Captioned web images:
□ □ □

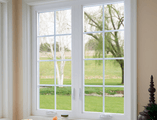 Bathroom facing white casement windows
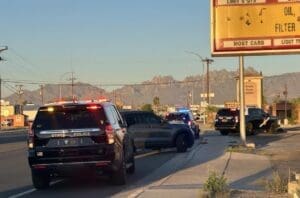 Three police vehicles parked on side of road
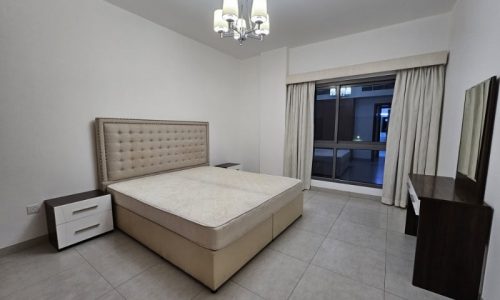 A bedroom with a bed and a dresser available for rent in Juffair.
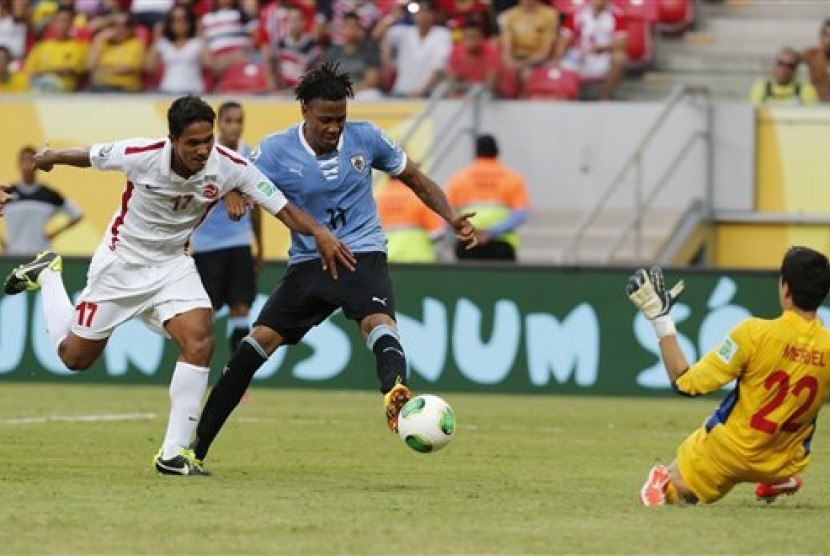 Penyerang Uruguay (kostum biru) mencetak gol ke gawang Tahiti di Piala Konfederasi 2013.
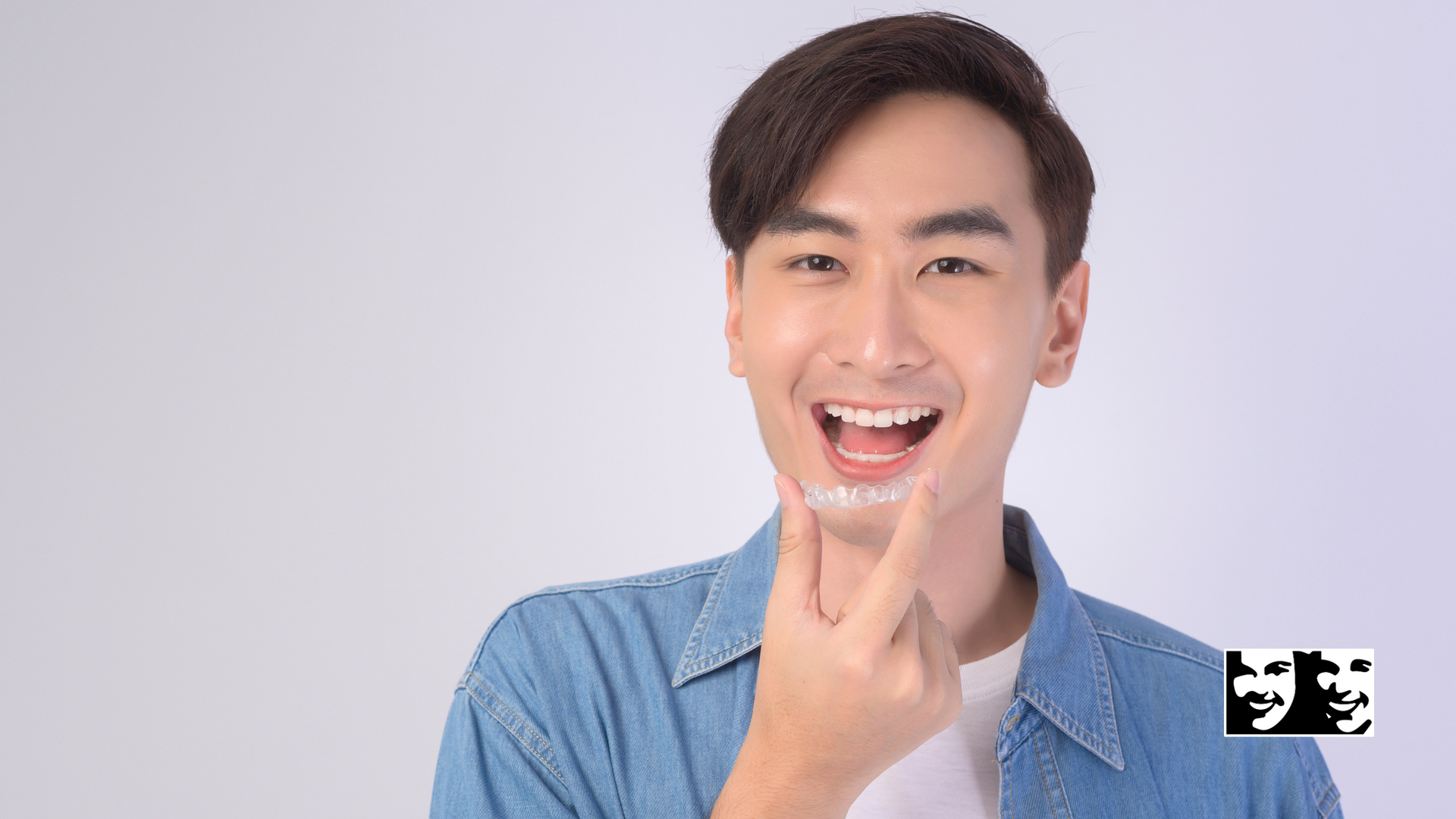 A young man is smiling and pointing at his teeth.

□ □ □

Only the lines from the one containing "A bedroom with" through the last line of the data above, both included, belong in the reply, each restated exactly and without pictures.

(Solution to this task):
 A bedroom with a bed and a dresser available for rent in Juffair.
 Penyerang Uruguay (kostum biru) mencetak gol ke gawang Tahiti di Piala Konfederasi 2013.
 A young man is smiling and pointing at his teeth.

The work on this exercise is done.